Agung juga menyoroti regulasi di tingkat daerah yang belum tersentuh oleh tujuh paket kebijakan ekonomi yang sudah digulirkan pemerintah. Bahkan, banyak peraturan daerah (perda) yang tumpang tindih atau bertabrakan dengan aturan pusat. Padahal, pengusaha tak bisa menanamkan modalnya jika tidak disetujui daerah.
“Meski ada izin dari pusat, pemda tetap memegang izin utama, misalnya izin lokasi, izin mendirikan bangunan, SIUP, semua ada di daerah. Kalau mereka tidak berkenan, investasi tidak bisa jalan,” papar dia.
Rugikan Pengusaha
Dihubungi terpisah, Ketua Asosiasi Pengusaha Indonesia (Apindo) Bidang Hubungan Internasional dan Investasi Shinta Kamdani mengatakan, pemerintah terkadang mengeluarkan regulasi yang merugikan pengusaha. Misalnya aturan pada paket kebijakan ekonomi berupa Peraturan Menteri Perdagangan (Permendag) No 87 Tahun 2015 tentang Ketentuan Produk Impor Tertentu dan Permendag No 70 Tahun 2015 tentang Angka Pengenal Importir.
Shinta menilai kedua permendag tersebut tidak mendukung pertumbuhan industri nasional karena lebih mementingkan pertumbuhan impor daripada produksi dalam negeri. Dalam Permendag 87/2015, misalnya, impor kosmetik dibebaskan dari verifikasi. Hal ini jelas membuka peluang bagi banjirnya produk ilegal.
“Permendag 87/2015 sebaiknya dibatalkan. Banyak industri terpukul oleh permendag ini, seperti industri kosmetika, mainan anak, elektronika, tekstil, dan alas kaki,” tutur dia.

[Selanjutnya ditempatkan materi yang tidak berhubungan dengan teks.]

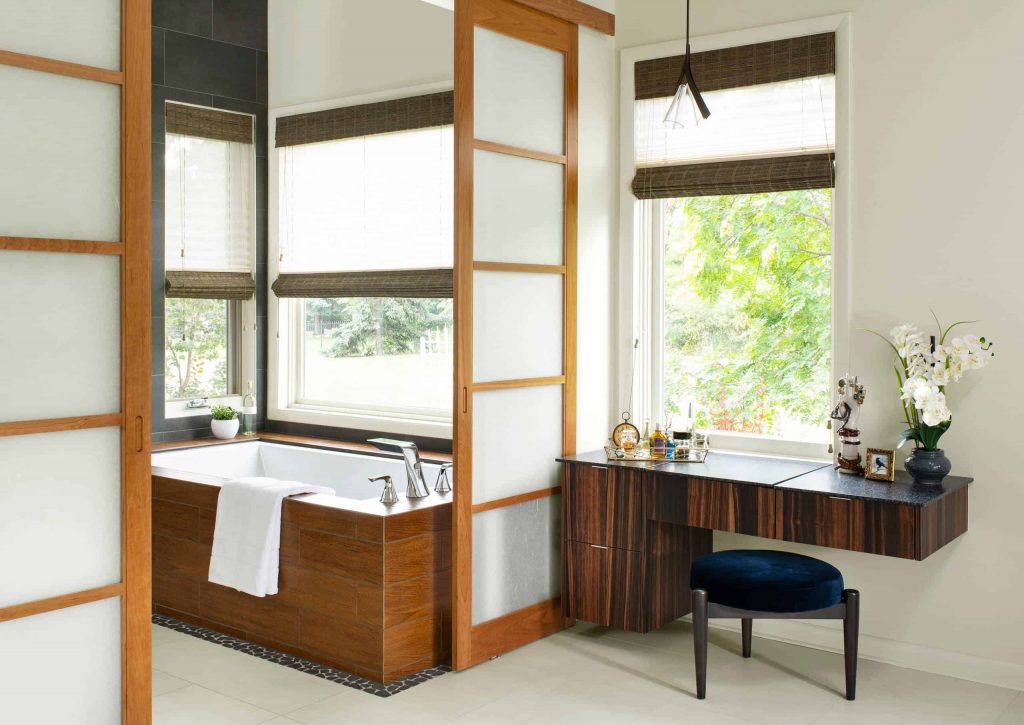 white tile and subway tile bamboo floor bathroom idea in Seattle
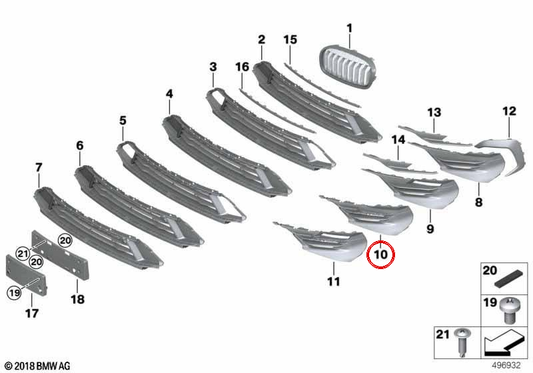 Rejilla lateral izquierda para BMW Serie 2 F45N, F46N (OEM 51117932853). Original BMW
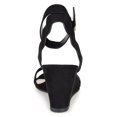 thumbnail image 2 of YDN Women Lovely Round Open Toe Buckle Strap Sandals Wavy Edge Wedge Mid Heels Pumps Bridal Party Summer Shoes Size 13 Black, 2 of 4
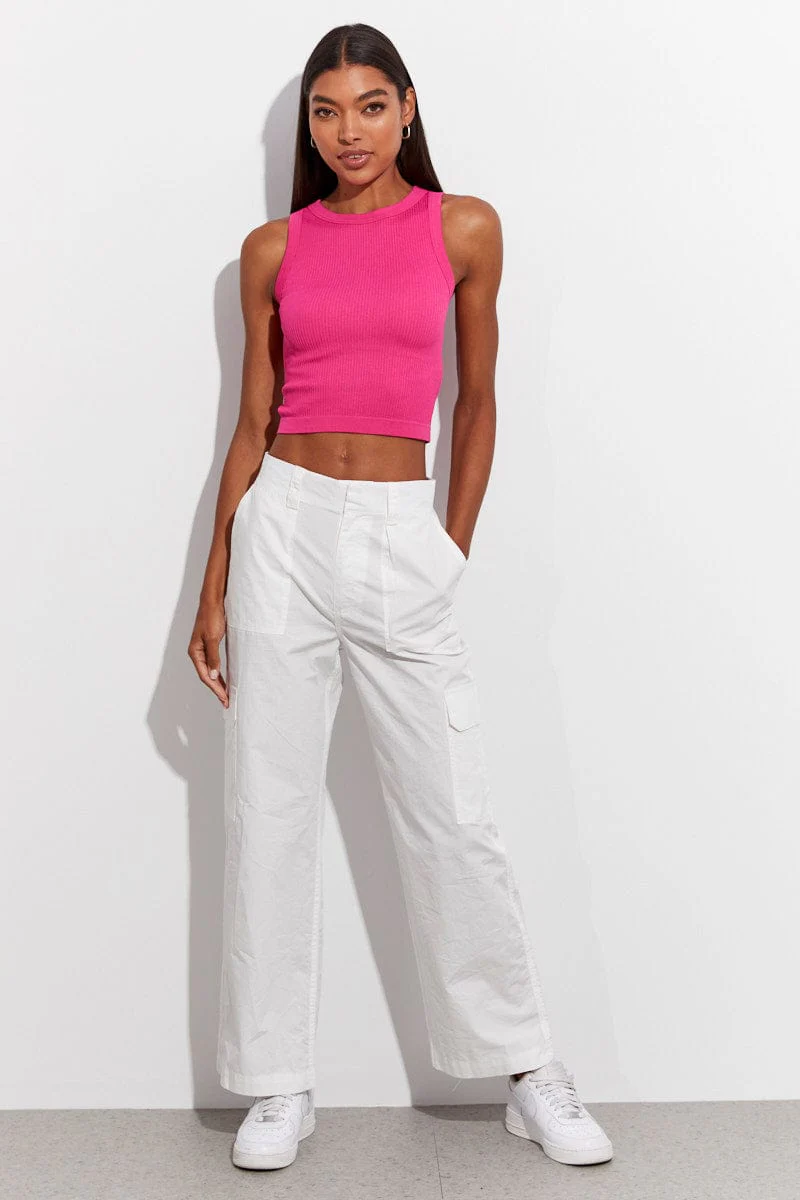 Pink Seamless Rib Tank Top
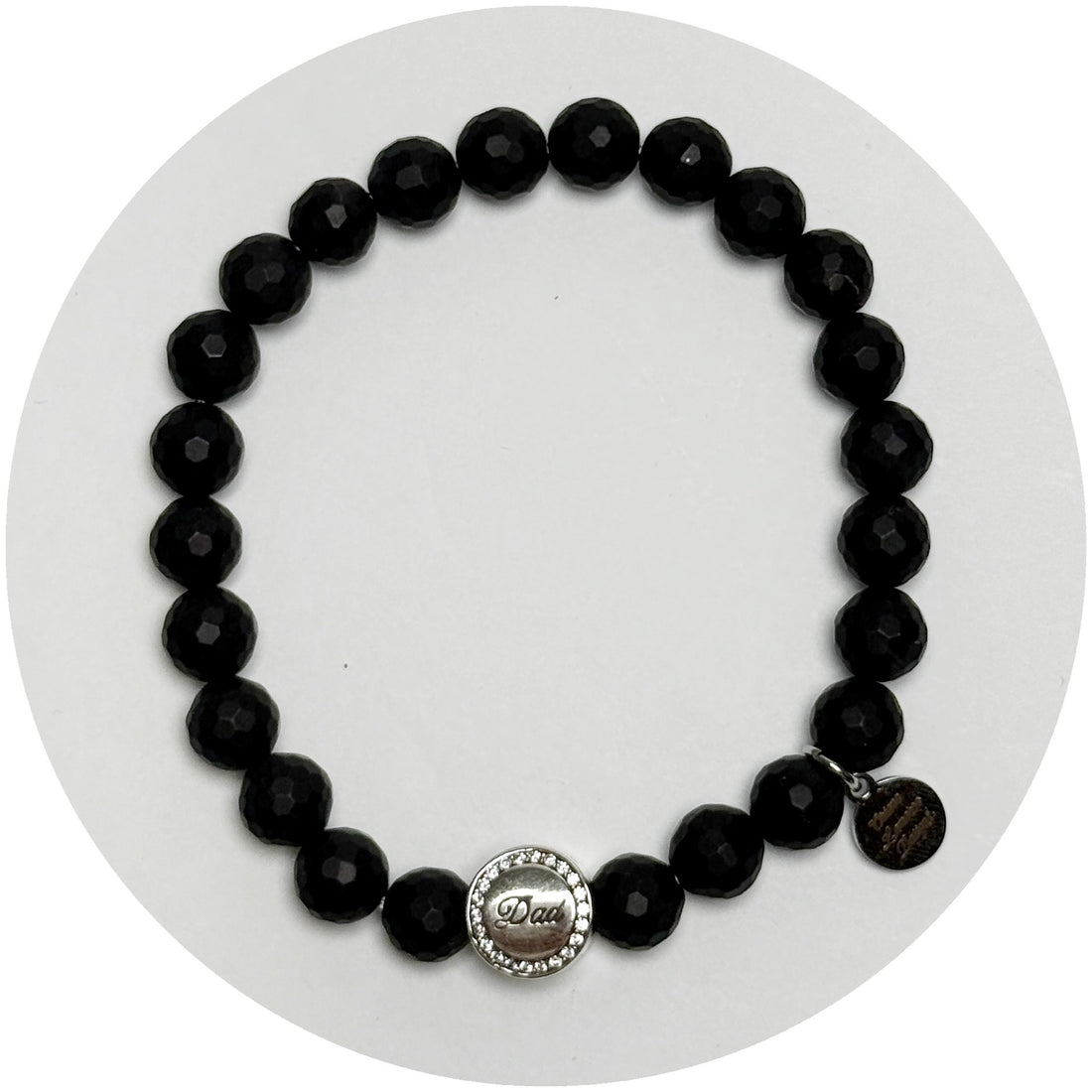 Mens Matte Black Onyx with Silver Pavé Dad Accent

Permendag 70/2015, kata Shinta, juga memicu permasalahan danmenimbulkan kebingungan. Soalnya, pemegang Angka Pengenal Impor (API) Umum bisa mengimpor semua jenis barang. Sebaliknya, API Produsen hanya bisa mengimpor barang untuk pendukung industrinya dan dilarang mengimpor barang jadi.
“Padahal, dalam peraturan sebelumnya, API Produsen bisa mengimpor barang jadi untuk tes pasar,” ucap dia.
Menteri Perdagangan Thomas Lembong mengakui kedua peraturan itu banyak diprotes pengusaha. Untuk itu, pemerintah akan merevisinya. “Kemendag tengah mengkajinya. Revisinya diharapkan rampung akhir tahun ini,” kata dia.
Bingungkan Investor
Di sisi lain, Direktur Institute for Development of Economics and Finance (Indef) Enny Sri Hartati mengungkapkan, pemerintah belum berhasil mengimplementasikan Pelayanan Terpadu Satu Pintu (PTSP).
“Padahal, jika PTSP sudah efektif diimplementasikan, investasi asing akan lebih meningkat lagi,” ujar dia.
Enny menjelaskan, perizinan ganda dengan prosedur berbelit masih terjadi antara lain karena pemerintah pusat belumbersinergi dengan pemda. Alhasil, izin investasi masih harus melalui pemerintah pusat (lewat BKPM), pemerintah provinsi, dan pemkab/pemkot, dengan prosedur yang panjang. “Di sinilah perlunya pemerintah pusat menjalin koordinasi yang baik dan bersinergi dengan pemda,” kata dia.
Padahal, menurut Enny, pemerintah sudah membuat paket kebijakan ekonomi yang menjanjikan layanan perizinan satu pintu. Bahkan, BKPM menjanjikan layanan izin tiga jam untuk mendapatkan tiga produk hukum, yakni izin investasi, akta pendirian perusahaan, dan nomor pokok wajib pajak (NPWP). “Paket kebijakan ekonomi untuk kemudahan berinvestasi hanya semacam wacana dan nihil implementasi,” tandas dia.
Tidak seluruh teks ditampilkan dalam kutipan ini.